INNOVATIONUn « cuir végétal » fabriqué à partir de bananes et de mangues déclassées

Nord : Un « cuir végétal » fabriqué à partir de bananes et de mangues déclassées

INNOVATIONUn couple d’habitants de Wattrelos a inventé un procédé qui permet de transformer des fruits destinés à la poubelle en une nouvelle matière. Les propriétés de ce cuir végétal lui ouvrent un très large champ d’application
Bananes et mangues sont la matière première utilisée par Vegskin.
Bananes et mangues sont la matière première utilisée par Vegskin. - C.Follain / 20 Minutes / 20 Minutes
Mikaël Libert

Mikaël Libert

L'essentiel

  • L’industrie du cuir est l’une des plus polluantes au monde même si la filière tend à réduire son impact environnemental.
  • Il existe des alternatives, outre les similis, comme le cuir de poisson.
  • A Wattrelos, dans le Nord, un couple développe un procédé pour fabriquer une sorte de cuir végétal fait à partir de fruits.

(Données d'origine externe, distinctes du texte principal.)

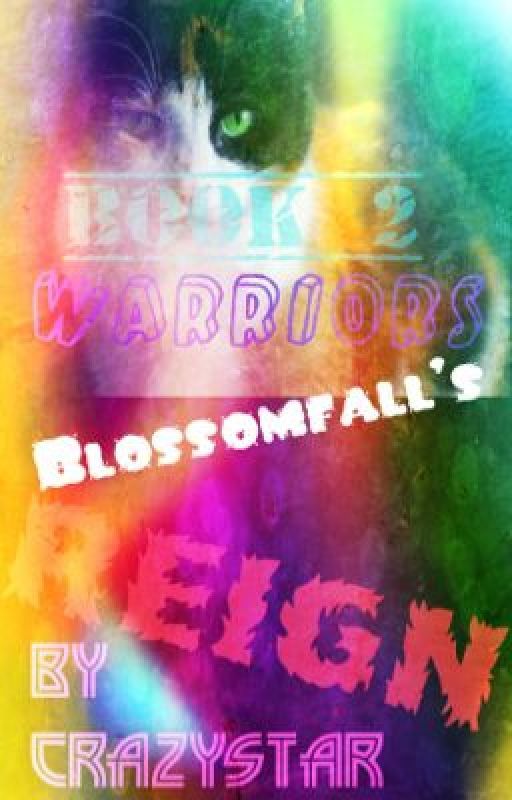 Warriors: Blossomfall's Reign(Sequel to WBI) by CrazystarThunderClan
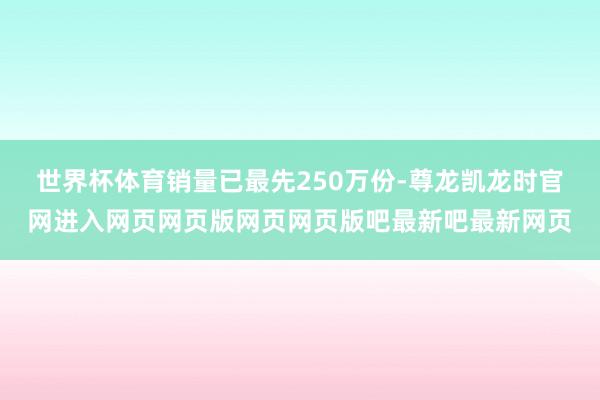 世界杯体育销量已最先250万份-尊龙凯龙时官网进入网页网页版网页网页版吧最新吧最新网页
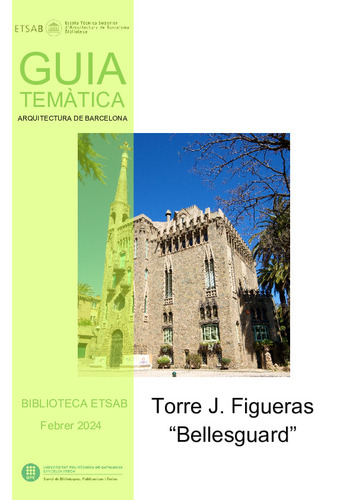 Guia temàtica Biblioteca ETSAB: Torre J. Figueras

Les vaches vont avoir la banane. On peut tourner ça dans tous les sens, le cuir n’est pas la matière la plus écolofriendly qui soit. Entre l’élevage des bovins, le transport, les procédés de tannage plus ou moins polluants et la teinture, l’impact environnemental est phénoménal, notamment en Inde, premier pays exportateur de cuir. Alors certes, la filière s'est mise à bosser sur la question mais on est encore loin d’une pollution zéro. S’il existe des alternatives, comme le cuir de poisson, elles demeurent émergentes et trop peu répandues. Demain, il faudra compter avec Vegskin, une « nouvelle matière » élaborée par des nordistes avec des fruits déclassés.

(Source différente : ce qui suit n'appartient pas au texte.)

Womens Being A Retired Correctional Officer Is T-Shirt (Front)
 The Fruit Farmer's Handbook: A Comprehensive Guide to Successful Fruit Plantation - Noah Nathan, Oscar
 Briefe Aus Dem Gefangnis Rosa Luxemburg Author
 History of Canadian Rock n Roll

Loïc Debrabander et sa compagne ne sont pas des extrémistes de la tendance vegan, végétarienne ou même végétalienne. Comme certains le font, et comme beaucoup devraient le faire, ils s’intéressent juste un peu à leur planète. Et, lorsqu’il y a quelques années, ils ont découvert à quel point l’élevage intensif de bovins se faisait au détriment de l’environnement, ces deux nordistes ont décidé de lever le pied. « On a cherché des alternatives au cuir. Puis, en se renseignant, on découvre que ces mêmes alternatives ne sont pas si propres que ça », déplore Loïc. Entre ça et le gaspillage alimentaire, le couple s’est dit qu’il y avait peut-être un truc à creuser.

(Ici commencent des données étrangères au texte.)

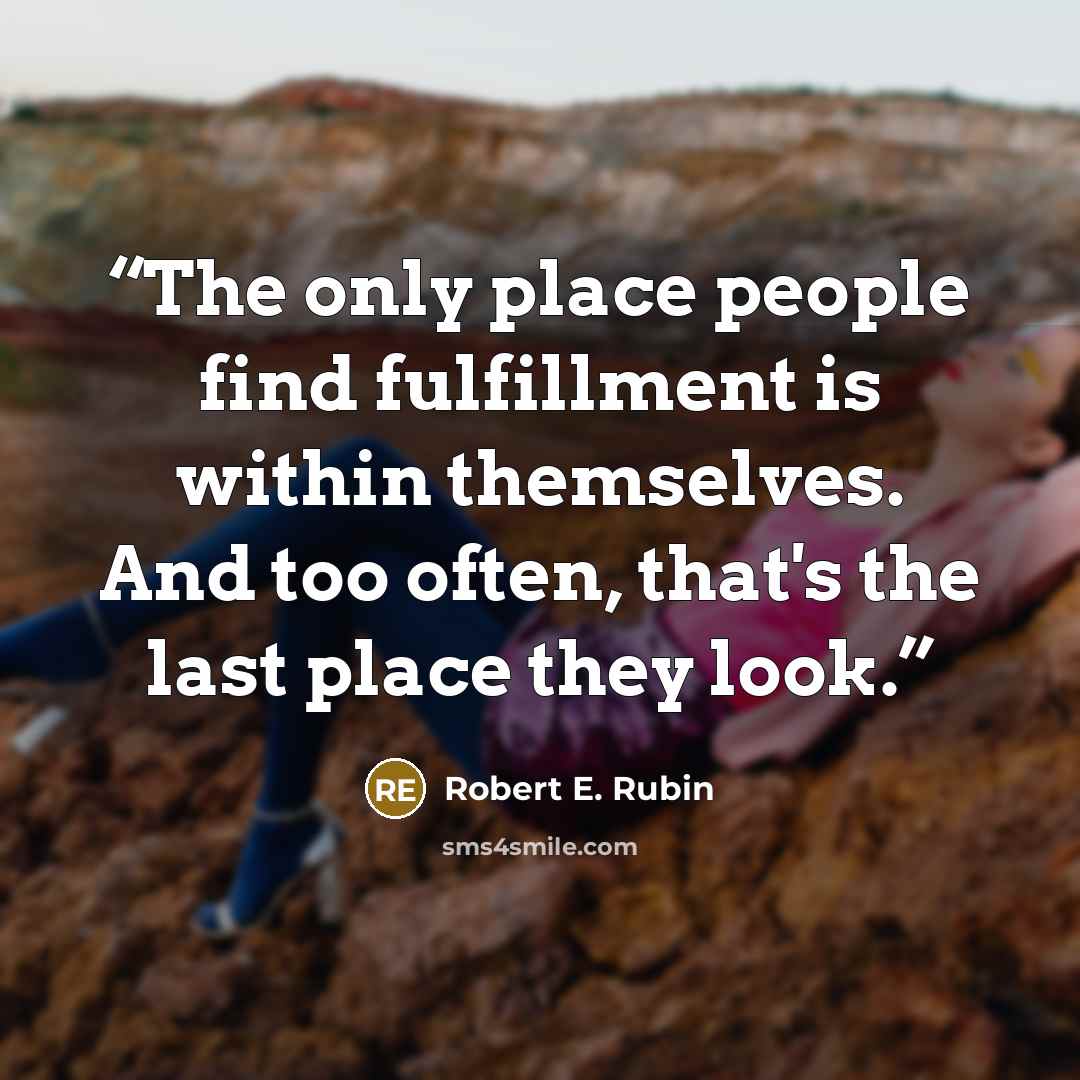 “The only place people find fulfillment is within themselves. And too often, that's the last place they look.” quote by Robert E. Rubin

Un produit différent sans utiliser la pétrochimie

L’idée de valoriser des déchets alimentaires pour en faire une sorte de cuir a mis du temps à mûrir, notamment parce que ni lui, ni sa compagne ne font partie du milieu du textile. « Ce sont nos valeurs qui nous ont poussées à monter le projet, il y a environ un an », insiste Loïc. Le but était de proposer un produit différent de ce qui existe et sans utiliser la pétrochimie comme c’est souvent le cas des imitations de cuir. Sur le procédé utilisé, le couple reste discret. Secret même. « On a testé avec des produits locaux d’abord, comme la betterave, la pomme de terre, les champignons. Ça ne donnait rien. Avec les pommes, on commençait à avoir quelque chose de probant mais le mieux, ce sont les bananes et les mangues », concède l’entrepreneur.

Le Vegskin est produit à partir de fruits déclassés.
Le Vegskin est produit à partir de fruits déclassés. - Vegskin

Selon lui, cent tonnes de bananes permettent de fabriquer entre 5.000 et 8.000 m2 de cuir végétal. « Ce sont des produits écartés des circuits de vente et destinés à la poubelle parce qu’ils sont abîmés. On estime qu’il y a environ 10 % la perte sur chaque chargement. La manne n’est donc pas près de se tarir », déplore Loïc Debrabander.

Le « Vegskin » est désormais au point. Selon son créateur, la matière est souple, résistante, résiliente et biodégradable, deux dernières propriétés que ne possède pas le cuir. Le coût de production le positionnera sur un marché équivalent au cuir haut de gamme français : maroquinerie, chaussures, sellerie, habillages intérieurs de véhicules… Le seul bémol, ce sont les couleurs : « si l’on veut rester dans la logique environnementale du produit, il nous est impossible de proposer du blanc ou du bleu. Ces couleurs demanderaient un traitement chimique qui n’entre pas dans nos valeurs », reconnaît l’inventeur.